The Obama administration had already been eyeing the deficit in trans-Atlantic trade with suspicion, and Trump is likely to actually do something about it. Washington’s new economic policy mantra is that those who want to sell in America also have to manufacture there — otherwise they will face punitive tariffs or special taxes. “Donald Trump is a risk for the German business model,” warns Michael Hüther, head of the influential Cologne Institute for Economic Research (IWK).

In a 2014 report, the consulting giant McKinsey found that no other national economy is as globally interconnected as Germany’s – but also that few others were as dependent on exports. In 2015, German industry exported goods valuing 1.194 trillion euros all around the world. But the country only imported 949 billion euros worth of goods.

Germany has had a surplus in its trade balance for decades now. This is the product of German industrial giants, but even more so of the large number of highly specialized, high-tech small- and medium-sized businesses that are dependent on open markets. They now fear that Trump won’t just be talk when it comes to protectionism and that he will set the country on a new course. They say he has the legal means for doing so.

The U.S. Congress has granted the president trade promotion authority until at least 2018, when it comes up for renewal. That means that Trump has broad freedoms to negotiate free trade agreements. Or to put an end to them. And that end could come quickly: The U.S. must provide only six months advance notice, for example, to back out of the North American Free Trade Agreement (NAFTA), which regulates the free trade of good between the U.S., Mexico and Canada.

High on the List

The Trade Act of 1974 is another tool at his disposal. It allows the president to impose tariffs of up to 15 percent for as long as 150 days on countries that accumulate large current account surpluses.

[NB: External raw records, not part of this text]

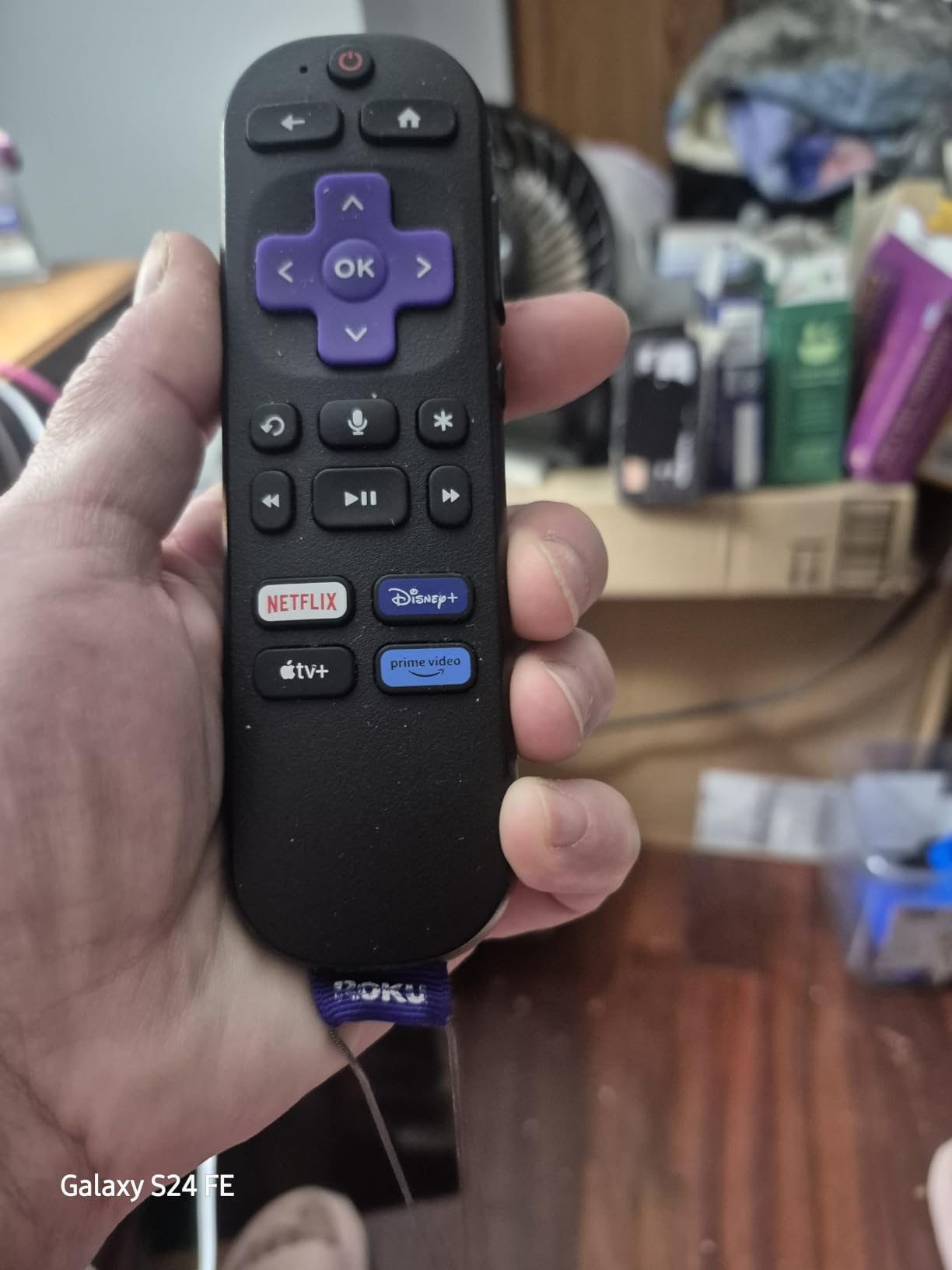 Smart TV 2026 - 40-Inch Select Series, 1080p Full HD TV - Roku TV with Voice Remote - Flat Screen LED Television with Wi-Fi for Streaming Live Local News Sports & Movies, Bluetooth Headphone Mode customer photo 2
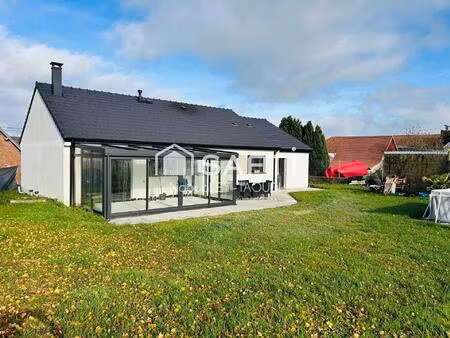 plain pied moderne avec grand jardin plein sud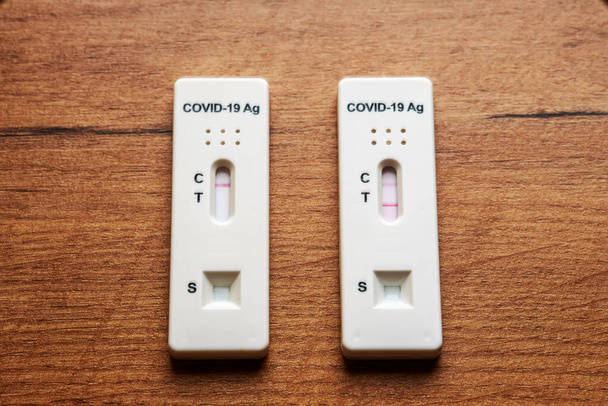 Pozitivní a negativní rychlý test na přítomnost koronaviru. - Fotografie, Obrázek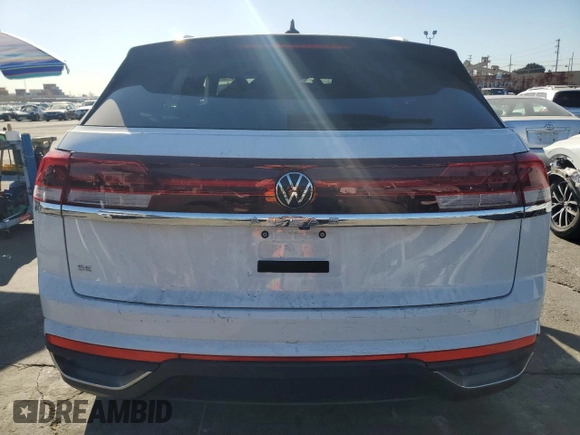 2024 Volkswagen Atlas SE z VIN 1V2DE2CA7RC214819, wystawiony jako Copart lot #88561555 z przebiegiem 21 226 mil mil oraz Szkoda całkowita • Salvage title. Historia ofert i sprzedaży dostępna na DreamBid. Obrazek 6.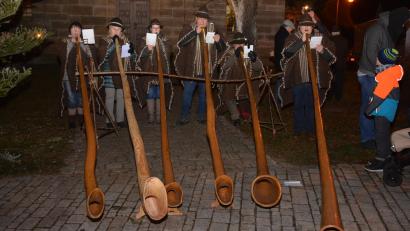 Archivbild: ak
Die Speichersdorfer Fichtenhornbläser freuen sich schon auf ihre erstmalige Fahrt und Auftritte bei der Grünen Woche in Berlin im Januar. Die Gemeinde leistet mit 500 Euro Zuschuss ihren Beitrag für die Reise der „Botschafter der Kommune“.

Germany is high on that list, with the country’s over-dependency on exports long having been a source of repeated criticism. And it’s not just that Germany exports more than it imports, it also owns more foreign debt than it borrows from abroad. That money is then used for consumption and investment outside of Germany rather than inside the country.

Many international politicians and academics have called on Germany to reduce these surpluses — and some industries, such as carmakers, have even heeded these calls. Instead of exporting vehicles, they now make them on-site. The industry has been building more vehicles abroad than inside Germany since 2010. Mercedes-Benz, BMW and Volkswagen have built several factories in the biggest markets of the world, including in China and the U.S. They didn’t want to become dependent on exporting from Germany because of the hurdles presented by potential tariffs or disadvantageous currency fluctuations.

BMW expanded its production facility in Spartanburg, South Carolina while Mercedes-Benz did the same in Tuscaloosa and Volkswagen in Chattanooga. In doing so, the German companies created thousands of jobs in the structurally weak southeastern United States and earned praise from American politicians, including many from the Republican Party.

But then Daimler and the rest fell into the Mexico trap. The country lured them south with low wages and free access to the U.S. market by way of NAFTA. Late last year, Audi moved the production of its Q5 SUV to a newly constructed factory in San José Chiapa. BMW and Daimler have just begun construction of a factory in Mexico and Volkswagen produces more than 450,000 vehicles in Puebla.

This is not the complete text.